## ACTION ITEM
The material below holds the lines to copy: from the one with "Close-up afbeelding van" up to and including the one with "woman, middle aged, outdoors". Copy them exactly and skip the pictures.

## DATA FOR PROCESSING
· · · · ·
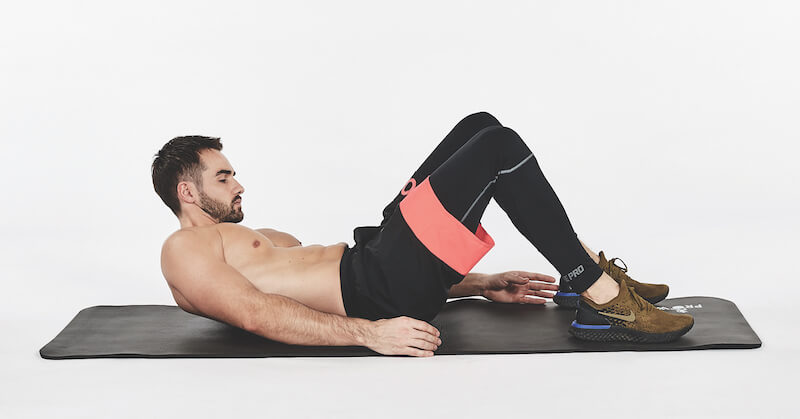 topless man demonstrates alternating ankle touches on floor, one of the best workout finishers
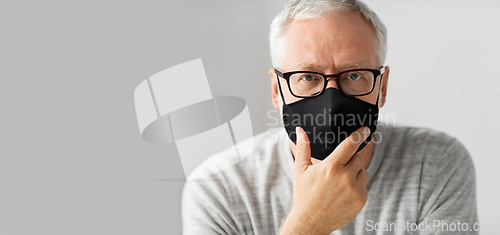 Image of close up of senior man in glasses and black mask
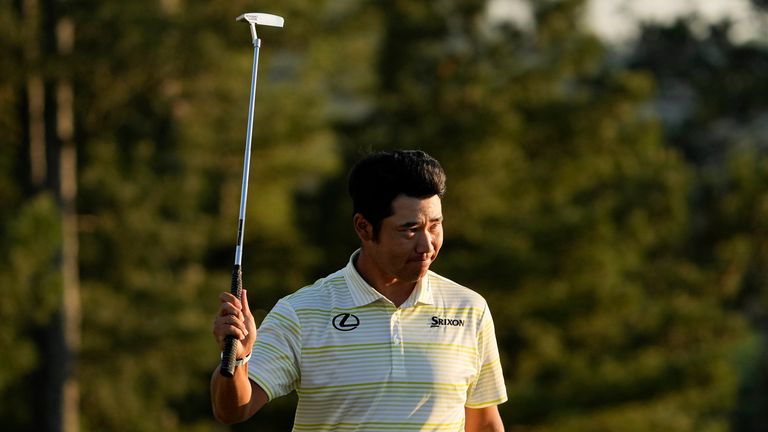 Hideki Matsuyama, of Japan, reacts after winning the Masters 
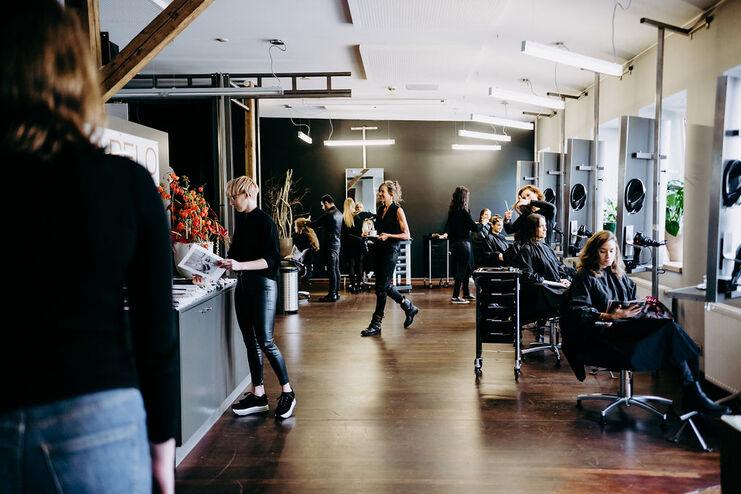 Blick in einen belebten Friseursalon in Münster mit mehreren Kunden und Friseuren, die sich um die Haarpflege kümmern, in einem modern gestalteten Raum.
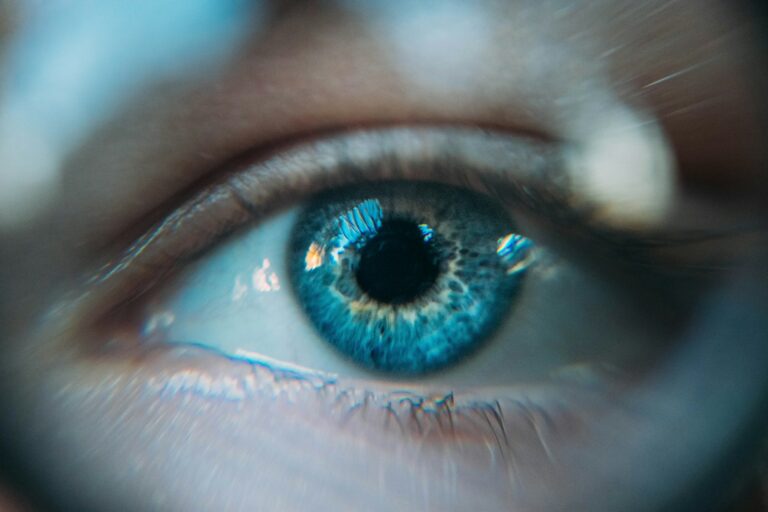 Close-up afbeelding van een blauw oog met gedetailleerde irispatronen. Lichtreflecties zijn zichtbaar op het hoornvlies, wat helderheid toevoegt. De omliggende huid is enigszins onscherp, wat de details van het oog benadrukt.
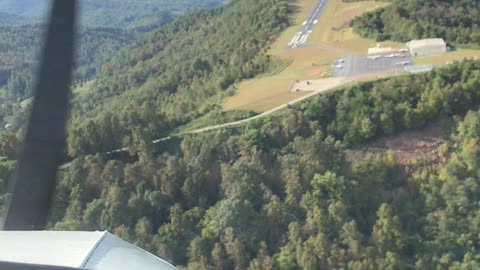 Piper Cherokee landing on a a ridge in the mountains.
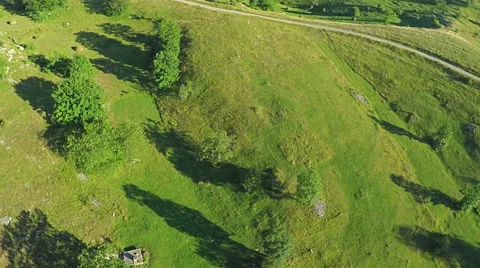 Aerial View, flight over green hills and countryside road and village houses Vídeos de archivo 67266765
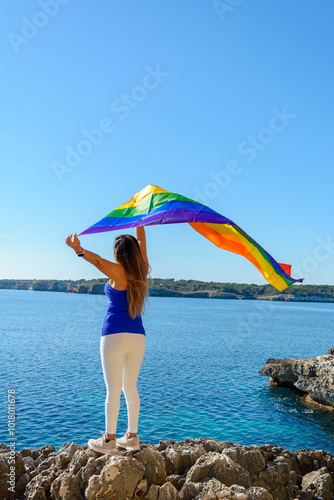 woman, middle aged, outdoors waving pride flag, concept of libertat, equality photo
· · · · ·
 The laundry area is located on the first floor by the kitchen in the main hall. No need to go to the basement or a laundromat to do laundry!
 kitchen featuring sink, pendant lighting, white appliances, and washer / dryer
· · · · ·
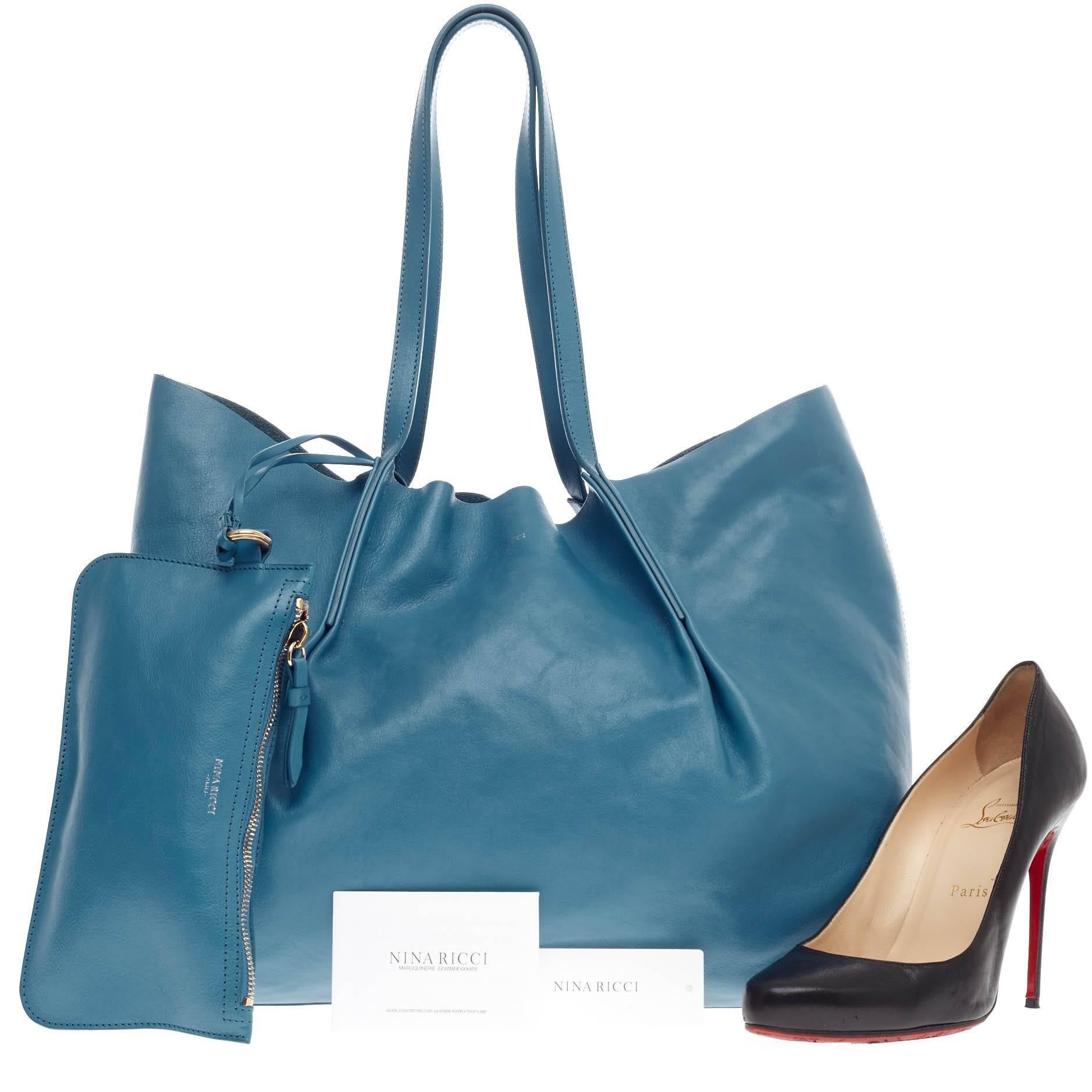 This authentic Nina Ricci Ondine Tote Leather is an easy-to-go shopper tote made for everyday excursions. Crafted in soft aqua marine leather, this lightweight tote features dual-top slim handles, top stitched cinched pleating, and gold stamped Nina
· · · · ·
## RESULT OF THE EXERCISE
 Close-up afbeelding van een blauw oog met gedetailleerde irispatronen. Lichtreflecties zijn zichtbaar op het hoornvlies, wat helderheid toevoegt. De omliggende huid is enigszins onscherp, wat de details van het oog benadrukt.
 Piper Cherokee landing on a a ridge in the mountains.
 Aerial View, flight over green hills and countryside road and village houses Vídeos de archivo 67266765
 woman, middle aged, outdoors waving pride flag, concept of libertat, equality photo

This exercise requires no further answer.